The Inference of Friendly Communicative Atmosphere Created by Geometric Shapes

Introduction

When children play with dolls, they can pretend that dolls are talking to one another by having them lean forward towards each other, even if the joints in their arms and legs do not move. Furthermore, using the angle or timing of the tilt, children can show that the dolls are getting along or fighting. This action is not just limited to dolls; children can also personify simple objects, such as spoons and pencils, and create a friendly/antagonistic atmosphere between them.

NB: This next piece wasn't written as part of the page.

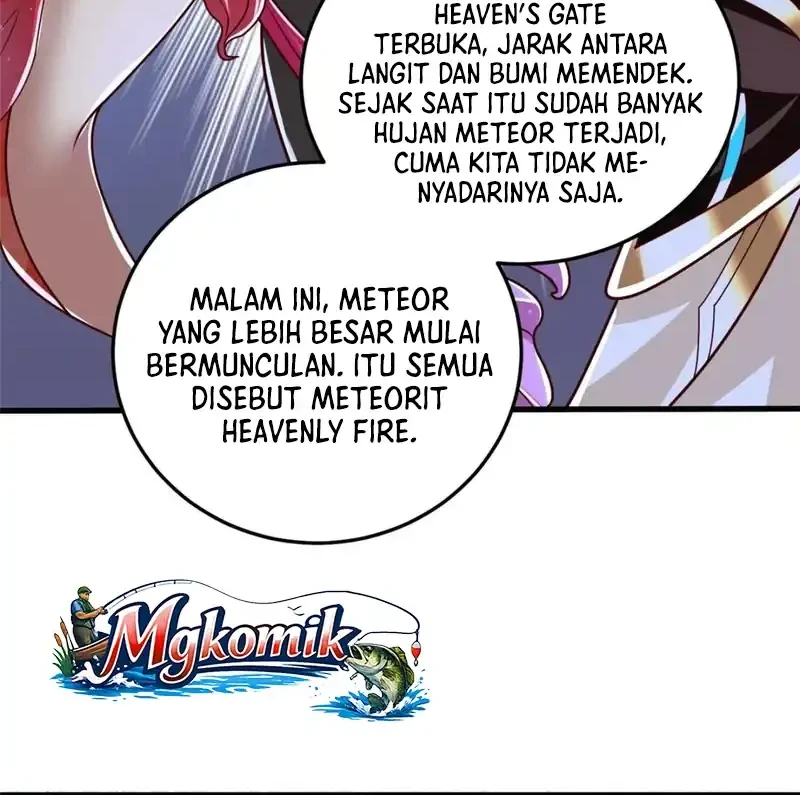 Dragon Master Chapter 382 Gambar 35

Therefore, it is believed that humans have a special capacity to both express and comprehend a friendly/antagonistic atmosphere, even if this atmosphere is created by geometric shapes.

Many previous studies have used geometric shapes to explore the social responses, such as causality, animacy, intention, and desires, that can be inferred by individuals from the movements of such shapes (Gao & Scholl, 2011; Heider & Simmel, 1944; McAleer & Love, 2013; Michotte, 1963; Scholl & Tremoulet, 2000; Tremoulet & Feldman, 2000); however, inferring a friendly/antagonistic atmosphere using geometric shapes has not yet been studied well. Zumthor (2006) and Böhme (1993, 1995, 2005) conducted theoretical analyses of atmosphere in terms of physical materials (i.e., spaces or locations among buildings or objects). However, it is still unknown how individuals infer friendly/antagonistic communicative atmospheres and what particular elements are used in this inference. Our study aimed to deepen our understanding of atmosphere perception and reveal the mechanism of inference of friendly/antagonistic atmosphere using geometric shapes.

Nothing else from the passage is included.